XHSR-FM
- Monterrey, Nuevo León; Mexico;
- Frequency: 97.3 MHz
- Branding: Exa FM

Programming
- Format: Top 40 (CHR) with pop, urban and reggaeton in Spanish, Korean and English

Ownership
- Owner: MVS Radio; (Stereorey México, S.A.);
- Sister stations: XHJM-FM, XHSRO-FM

History
- First air date: November 12, 1976
- Call sign meaning: Sistema Radio Recuerdo, S.A. (original concessionaire)

Technical information
- Licensing authority: CRT
- Class: C1
- ERP: 95.445 kW
- HAAT: 215.4 meters (707 ft)
- Transmitter coordinates: 25°37′31.7″N 100°19′00.9″W﻿ / ﻿25.625472°N 100.316917°W

Links
- Website: exafm.com/monterrey

= XHSR-FM =

Radio station in Monterrey, Nuevo León, Mexico

XHSR-FM is a station in Monterrey, Nuevo León, Mexico.
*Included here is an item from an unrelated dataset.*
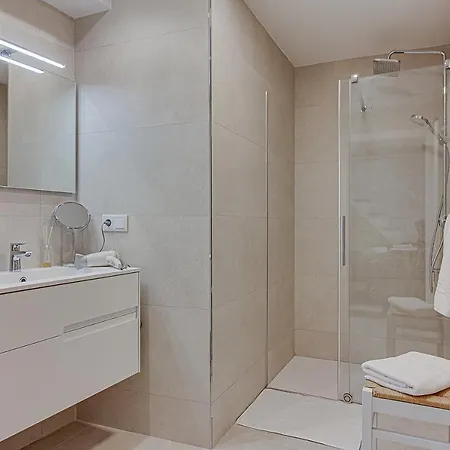Elena Vut Apartment *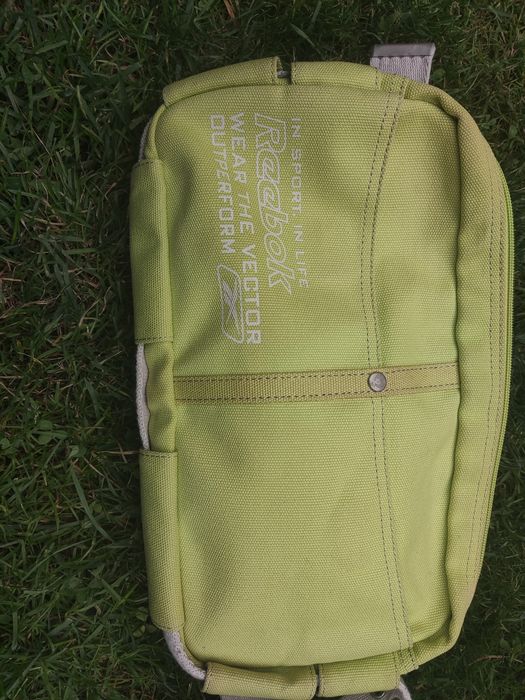 Neonowa groszkowa torebka Reebok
It broadcasts on 97.3 FM and carries the Exa FM Contemporary Hit Radio format from MVS Radio. The transmitter is located atop Cerro del Mirador.

==History==
XHSR received its concession late in 1976 and was owned by the concessionaire Sistema Radio Recuerdo, S.A., managed by José Vargas Santamarina. Santamarina would go on to become a director of some of MVS's radio stations. As an MVS station, it acquired the FM Globo format, which remained until 1998, when it became Pulsar FM, changing again to Exa FM in 2000.